The results were weaker than expected as the company restructures operations following an ill-fated expansion overseas through the 2008 acquisition of parts of Lehman Brothers.
But finance chief Junko Nakagawa said the benefits of a $1bn cost-cutting programme outlined in August and largely focused on Europe could show up in the company’s results by the final quarter of its fiscal year to the end of March.
“You will be able to see the real effect of cost-cutting plan in quarter four or at the beginning of the next fiscal year starting in April 2013,” Nakagawa told a media briefing.
Nomura, whose top competitor in Japan is Daiwa Securities Group, reported a net profit of 2.81bn yen for the July-September second quarter, against a loss of 46.09bn yen in the same period last year.

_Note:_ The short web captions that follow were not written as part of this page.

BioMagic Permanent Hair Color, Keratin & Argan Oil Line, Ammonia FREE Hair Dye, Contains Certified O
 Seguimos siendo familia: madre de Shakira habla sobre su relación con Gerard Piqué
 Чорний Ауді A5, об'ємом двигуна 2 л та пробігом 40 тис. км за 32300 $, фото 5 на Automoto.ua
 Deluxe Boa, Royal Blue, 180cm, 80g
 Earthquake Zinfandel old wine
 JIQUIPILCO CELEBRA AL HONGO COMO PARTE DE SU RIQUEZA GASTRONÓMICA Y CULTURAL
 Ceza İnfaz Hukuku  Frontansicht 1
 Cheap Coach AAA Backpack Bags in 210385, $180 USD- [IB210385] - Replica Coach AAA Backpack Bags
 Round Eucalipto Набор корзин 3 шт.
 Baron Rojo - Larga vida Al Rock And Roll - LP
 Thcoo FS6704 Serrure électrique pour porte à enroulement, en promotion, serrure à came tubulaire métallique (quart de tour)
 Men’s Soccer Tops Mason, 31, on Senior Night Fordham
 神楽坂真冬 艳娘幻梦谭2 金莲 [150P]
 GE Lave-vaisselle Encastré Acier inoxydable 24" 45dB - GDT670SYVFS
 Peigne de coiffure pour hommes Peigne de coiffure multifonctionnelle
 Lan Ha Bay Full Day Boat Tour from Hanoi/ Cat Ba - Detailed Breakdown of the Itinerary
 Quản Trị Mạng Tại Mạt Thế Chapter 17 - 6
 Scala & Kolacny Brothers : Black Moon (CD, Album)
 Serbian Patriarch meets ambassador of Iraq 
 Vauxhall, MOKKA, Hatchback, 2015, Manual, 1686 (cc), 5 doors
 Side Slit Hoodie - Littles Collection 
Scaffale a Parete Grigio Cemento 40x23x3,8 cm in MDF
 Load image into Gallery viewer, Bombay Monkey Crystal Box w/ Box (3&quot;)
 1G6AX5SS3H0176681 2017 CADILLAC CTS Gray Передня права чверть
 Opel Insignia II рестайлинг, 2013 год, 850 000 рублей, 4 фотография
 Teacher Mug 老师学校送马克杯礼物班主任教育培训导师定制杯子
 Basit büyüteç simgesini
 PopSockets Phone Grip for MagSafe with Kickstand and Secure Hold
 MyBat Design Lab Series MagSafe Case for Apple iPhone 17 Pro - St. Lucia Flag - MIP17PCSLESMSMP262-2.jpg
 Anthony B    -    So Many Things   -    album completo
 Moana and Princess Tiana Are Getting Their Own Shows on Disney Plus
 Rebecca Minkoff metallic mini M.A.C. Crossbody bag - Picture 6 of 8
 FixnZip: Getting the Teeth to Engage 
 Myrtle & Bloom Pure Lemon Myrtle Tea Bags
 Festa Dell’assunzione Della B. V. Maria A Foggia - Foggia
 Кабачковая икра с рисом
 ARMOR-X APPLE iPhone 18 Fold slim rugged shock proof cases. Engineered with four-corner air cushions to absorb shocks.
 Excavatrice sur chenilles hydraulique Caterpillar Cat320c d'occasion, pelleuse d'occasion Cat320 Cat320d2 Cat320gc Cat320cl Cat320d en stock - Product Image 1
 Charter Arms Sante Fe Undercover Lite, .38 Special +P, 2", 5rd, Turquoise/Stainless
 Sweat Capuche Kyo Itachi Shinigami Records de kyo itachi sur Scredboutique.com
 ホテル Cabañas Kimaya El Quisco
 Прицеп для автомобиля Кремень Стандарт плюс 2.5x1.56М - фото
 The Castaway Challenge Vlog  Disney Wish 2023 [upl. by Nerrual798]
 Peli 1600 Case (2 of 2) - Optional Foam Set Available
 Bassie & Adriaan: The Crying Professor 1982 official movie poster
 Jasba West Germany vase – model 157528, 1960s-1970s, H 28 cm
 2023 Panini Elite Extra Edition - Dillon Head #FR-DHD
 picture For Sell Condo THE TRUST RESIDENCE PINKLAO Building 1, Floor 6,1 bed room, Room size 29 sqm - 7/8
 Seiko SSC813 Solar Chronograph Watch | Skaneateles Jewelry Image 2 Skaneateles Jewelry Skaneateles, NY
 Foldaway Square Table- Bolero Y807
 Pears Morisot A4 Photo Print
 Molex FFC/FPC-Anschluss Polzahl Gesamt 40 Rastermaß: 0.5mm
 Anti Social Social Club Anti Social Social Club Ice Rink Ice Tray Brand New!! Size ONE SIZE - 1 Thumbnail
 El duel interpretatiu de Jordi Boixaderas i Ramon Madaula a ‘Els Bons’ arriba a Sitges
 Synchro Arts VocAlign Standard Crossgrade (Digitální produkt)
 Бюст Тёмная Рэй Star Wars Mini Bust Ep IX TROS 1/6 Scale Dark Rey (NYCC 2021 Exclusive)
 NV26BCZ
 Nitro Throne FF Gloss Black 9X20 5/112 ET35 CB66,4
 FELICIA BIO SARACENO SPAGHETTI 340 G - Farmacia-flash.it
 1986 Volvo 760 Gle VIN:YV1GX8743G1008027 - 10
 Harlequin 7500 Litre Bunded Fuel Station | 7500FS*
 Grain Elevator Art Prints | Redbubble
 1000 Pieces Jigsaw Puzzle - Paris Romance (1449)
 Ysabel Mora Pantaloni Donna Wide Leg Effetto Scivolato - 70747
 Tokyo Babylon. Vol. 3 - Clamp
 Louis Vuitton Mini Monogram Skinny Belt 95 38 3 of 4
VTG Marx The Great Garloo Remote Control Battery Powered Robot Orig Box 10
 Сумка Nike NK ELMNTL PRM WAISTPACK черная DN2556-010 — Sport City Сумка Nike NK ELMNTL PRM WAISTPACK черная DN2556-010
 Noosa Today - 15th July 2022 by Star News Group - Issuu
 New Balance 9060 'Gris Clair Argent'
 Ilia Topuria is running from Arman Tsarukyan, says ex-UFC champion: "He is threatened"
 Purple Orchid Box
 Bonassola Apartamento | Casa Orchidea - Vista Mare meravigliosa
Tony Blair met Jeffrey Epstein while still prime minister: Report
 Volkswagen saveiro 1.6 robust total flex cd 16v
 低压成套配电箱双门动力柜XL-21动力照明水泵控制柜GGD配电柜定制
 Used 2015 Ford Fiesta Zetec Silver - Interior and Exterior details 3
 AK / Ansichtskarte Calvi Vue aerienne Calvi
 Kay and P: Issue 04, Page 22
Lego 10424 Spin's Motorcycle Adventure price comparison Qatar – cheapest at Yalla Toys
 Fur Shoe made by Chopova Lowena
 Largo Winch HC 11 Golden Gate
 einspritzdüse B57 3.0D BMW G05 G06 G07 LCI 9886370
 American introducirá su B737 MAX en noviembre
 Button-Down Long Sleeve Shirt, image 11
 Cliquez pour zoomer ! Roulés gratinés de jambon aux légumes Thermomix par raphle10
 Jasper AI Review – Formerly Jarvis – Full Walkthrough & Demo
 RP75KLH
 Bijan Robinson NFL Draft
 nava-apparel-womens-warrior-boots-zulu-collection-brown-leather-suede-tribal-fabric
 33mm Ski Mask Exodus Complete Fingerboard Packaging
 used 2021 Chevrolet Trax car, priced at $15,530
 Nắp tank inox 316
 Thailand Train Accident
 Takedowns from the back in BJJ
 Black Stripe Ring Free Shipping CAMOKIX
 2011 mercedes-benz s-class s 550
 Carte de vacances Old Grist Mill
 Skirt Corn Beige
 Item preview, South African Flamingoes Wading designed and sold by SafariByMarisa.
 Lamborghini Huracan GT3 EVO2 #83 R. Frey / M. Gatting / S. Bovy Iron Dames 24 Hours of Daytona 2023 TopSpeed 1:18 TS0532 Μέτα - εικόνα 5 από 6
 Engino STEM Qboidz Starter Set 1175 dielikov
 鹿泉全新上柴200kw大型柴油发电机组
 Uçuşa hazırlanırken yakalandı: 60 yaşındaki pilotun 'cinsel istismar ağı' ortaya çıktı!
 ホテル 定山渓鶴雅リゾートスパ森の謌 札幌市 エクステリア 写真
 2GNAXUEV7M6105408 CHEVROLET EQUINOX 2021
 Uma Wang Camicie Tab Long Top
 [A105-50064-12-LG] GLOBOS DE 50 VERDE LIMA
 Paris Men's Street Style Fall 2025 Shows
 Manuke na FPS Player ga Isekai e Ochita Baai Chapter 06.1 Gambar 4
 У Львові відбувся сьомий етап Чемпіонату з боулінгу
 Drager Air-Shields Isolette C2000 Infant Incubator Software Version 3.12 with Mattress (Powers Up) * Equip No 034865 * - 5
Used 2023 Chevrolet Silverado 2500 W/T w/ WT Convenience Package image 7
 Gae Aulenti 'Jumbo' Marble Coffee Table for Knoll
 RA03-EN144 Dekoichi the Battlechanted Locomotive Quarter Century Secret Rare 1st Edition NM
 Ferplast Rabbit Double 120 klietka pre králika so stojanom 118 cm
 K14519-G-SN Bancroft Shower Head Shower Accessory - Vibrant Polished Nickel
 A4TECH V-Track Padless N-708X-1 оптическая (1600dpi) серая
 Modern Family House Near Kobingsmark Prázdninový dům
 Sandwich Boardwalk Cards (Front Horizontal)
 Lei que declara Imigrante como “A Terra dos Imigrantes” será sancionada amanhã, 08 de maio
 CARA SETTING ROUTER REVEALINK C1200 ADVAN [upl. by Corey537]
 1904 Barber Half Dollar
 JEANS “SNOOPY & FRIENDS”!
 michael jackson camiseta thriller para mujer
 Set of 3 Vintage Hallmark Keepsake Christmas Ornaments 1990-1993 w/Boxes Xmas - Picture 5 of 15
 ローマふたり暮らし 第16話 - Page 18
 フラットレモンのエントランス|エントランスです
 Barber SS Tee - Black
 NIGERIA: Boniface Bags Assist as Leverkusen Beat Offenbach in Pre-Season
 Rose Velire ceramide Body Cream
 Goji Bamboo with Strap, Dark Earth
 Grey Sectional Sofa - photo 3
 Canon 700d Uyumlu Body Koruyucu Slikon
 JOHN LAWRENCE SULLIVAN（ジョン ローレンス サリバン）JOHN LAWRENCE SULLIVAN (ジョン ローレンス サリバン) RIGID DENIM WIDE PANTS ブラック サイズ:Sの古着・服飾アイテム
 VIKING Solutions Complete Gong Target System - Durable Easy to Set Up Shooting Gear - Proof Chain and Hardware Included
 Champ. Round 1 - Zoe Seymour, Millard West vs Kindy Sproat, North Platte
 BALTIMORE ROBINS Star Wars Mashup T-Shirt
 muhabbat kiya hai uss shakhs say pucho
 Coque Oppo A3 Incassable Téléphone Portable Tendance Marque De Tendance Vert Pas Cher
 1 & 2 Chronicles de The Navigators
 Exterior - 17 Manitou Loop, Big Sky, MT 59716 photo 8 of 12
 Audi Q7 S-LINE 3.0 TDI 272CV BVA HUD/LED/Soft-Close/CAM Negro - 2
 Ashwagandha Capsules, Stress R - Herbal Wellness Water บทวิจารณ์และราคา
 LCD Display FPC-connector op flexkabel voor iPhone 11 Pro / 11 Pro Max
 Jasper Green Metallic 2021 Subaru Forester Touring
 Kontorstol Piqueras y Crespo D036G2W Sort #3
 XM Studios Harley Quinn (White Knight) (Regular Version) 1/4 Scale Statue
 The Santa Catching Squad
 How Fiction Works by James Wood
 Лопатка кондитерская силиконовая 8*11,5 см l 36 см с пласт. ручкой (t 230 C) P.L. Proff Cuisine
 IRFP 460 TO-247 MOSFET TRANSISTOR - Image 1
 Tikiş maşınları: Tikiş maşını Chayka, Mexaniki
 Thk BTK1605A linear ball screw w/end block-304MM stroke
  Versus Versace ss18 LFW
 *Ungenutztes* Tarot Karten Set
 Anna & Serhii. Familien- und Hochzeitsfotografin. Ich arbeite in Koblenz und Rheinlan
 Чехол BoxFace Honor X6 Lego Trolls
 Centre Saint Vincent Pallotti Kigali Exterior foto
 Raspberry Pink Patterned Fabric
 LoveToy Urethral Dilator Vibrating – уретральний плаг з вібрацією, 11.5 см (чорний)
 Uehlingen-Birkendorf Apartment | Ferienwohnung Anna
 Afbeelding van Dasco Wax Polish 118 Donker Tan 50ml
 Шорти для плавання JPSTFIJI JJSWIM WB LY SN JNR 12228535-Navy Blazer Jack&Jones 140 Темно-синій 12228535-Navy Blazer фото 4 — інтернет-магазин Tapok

The results were supported by a boost in bond trading and other fixed income products, a major factor also bolstering banks elsewhere, including Morgan Stanley and JP Morgan.
Net revenue in fixed income operations doubled to 88.6bn yen from a year earlier, helping Nomura’s wholesale division swing to a pretax profit of 200m yen from a year earlier 70.7bn yen loss. The wholesale business includes investment banking.
The strong fixed income performance helped the wholesale division generate a 68 per cent increase in net revenue to 137.1bn yen and helped offset a four per cent slide in net revenue from equity trading.
Still, Nomura also lost underwriting business due to an insider trading scandal, which triggered a shake-up of top management. Its European operations also showed deepening pretax losses as the company accounted for cost cutting.